I have to admit I have a soft spot for Australian Meteorites. That fondness stacked on top of my constant search for meteorites that are mineral type localities, and a separate love for meteorites that would qualify under the traditional definition of “antique”, makes Tenham a hat-trick type collection piece for me.
Tenham fell near Tenham Station, Queensland Australia in 1879. It was a nighttime fireball (somewhere around 2 to 3 A.M.) with several witnesses, but there is no exact date associated with the fall, just a that it was in the first quarter of the calendar year. With an impressive age of 144 years on earth, much of the writing on Tenham is itself vintage from the 30s through the 70s, full of terms mostly out of the vernacular today. The Aerolite shower produced a stone count of around 300, amounting to a total know weight of over 200 kilograms (as reported in Hellyer’s mass distribution study), 160 kilograms listed in the meteoritic bulletin. Many of recovered stones are described as complete or nearly so as recorded by Hellyer having used 250 Tenham meteorites as part of his study. Tenham was classified as a veined olivine-hypersthene chondrite, an L6 nowadays.

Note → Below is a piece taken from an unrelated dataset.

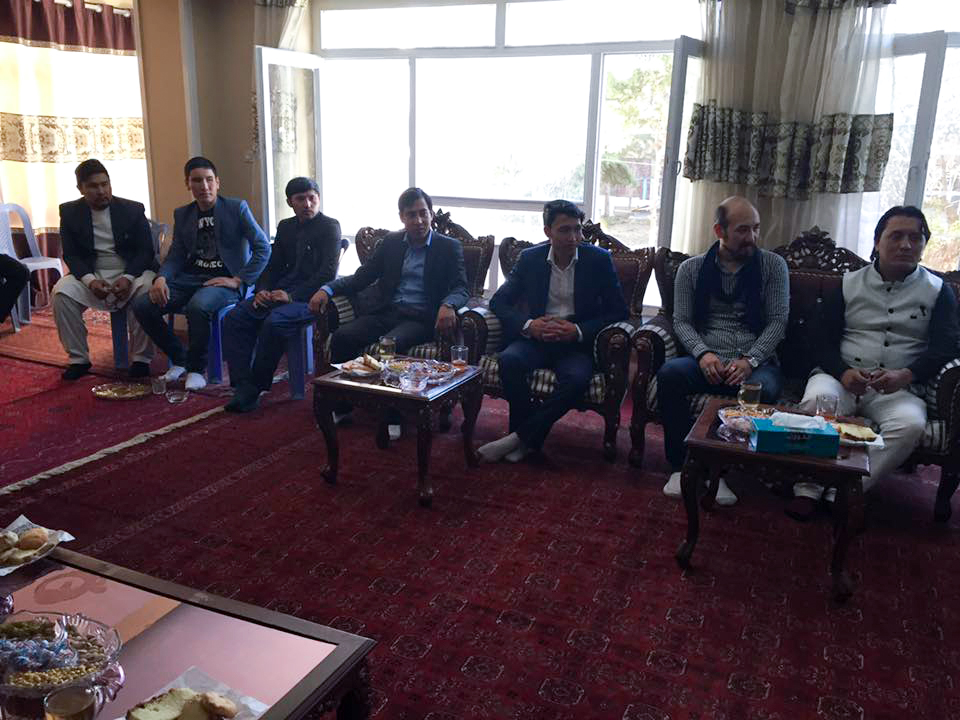 با شماری از قهرمانان ورزشی افغانستان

Tenham is a well-studied and referenced meteorite when it comes to shock related research. This is due to it sitting at the end of the shock scale, S6, (though a few studies put it at S5) along with the fact that the preponderance of the fall is curated in a few major institutions. So it is no surprise that the 4 new minerals found in the Tenham meteorite which get it a status as a major type locality collector piece are found within the shock veining. Shock veining is associated with high pressures and temperatures achieved as impact shock pressure passed through the parent body. In the case of Tenham that pressure was between 25 and 45 GPa, shock veining occurred due to shearing throughout the rock due to differential localized shock impedance characteristics (Langenhorst, 95).

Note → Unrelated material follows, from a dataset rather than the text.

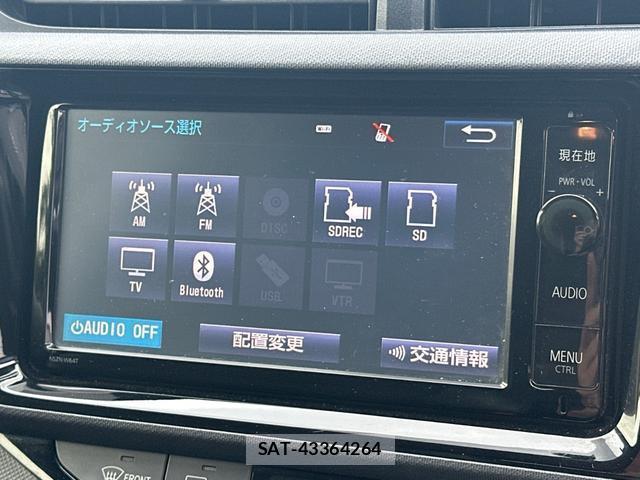 Toyota AQUA 2015-08 8855634-3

The type locality minerals of the Tenham meteorite:
Akimotoite is a rarely seen member if the ilmenite group with a formula (Mg,Fe)SiO3. It was first discovered by N. Tomioka and K. Fujino in 1997, and published about in 1999 in American Mineralogist. It’s a polymorph of both pyroxene and bridgmanite (also with a type locality of Tenham). Since its formation environment precludes it from forming on the Earth’s surface its other representative examples are in meteorites like Zagami and Umbarger. Of note it is theorized that it is a significant constituent mineral of the Earth’s upper mantle 370-500 miles deep.
Bridgmanite is the (Mg,Fe)SiO3 magnesium end member of the Perovskitites group. It is theorized that this is the most prevalent mineral constituent on Earth’s mantle (making up 93% of the deep mantle), thus making it the most abundant mineral on Earth. Since it forms in the deep mantle (420 to 680 miles down) a terrestrial occurrence has yet to be found so meteorites and lab produced sources are all we have. Bridgmanite is a high pressure polymorph of enstatite. Though synthetic lab produced material was published about in the 1980s, following the rules of mineral naming however it wasn’t till it was found in natural form in Tenham in 2014 by Chi Ma and Oliver Tschauner, that it was formally allowed to be named.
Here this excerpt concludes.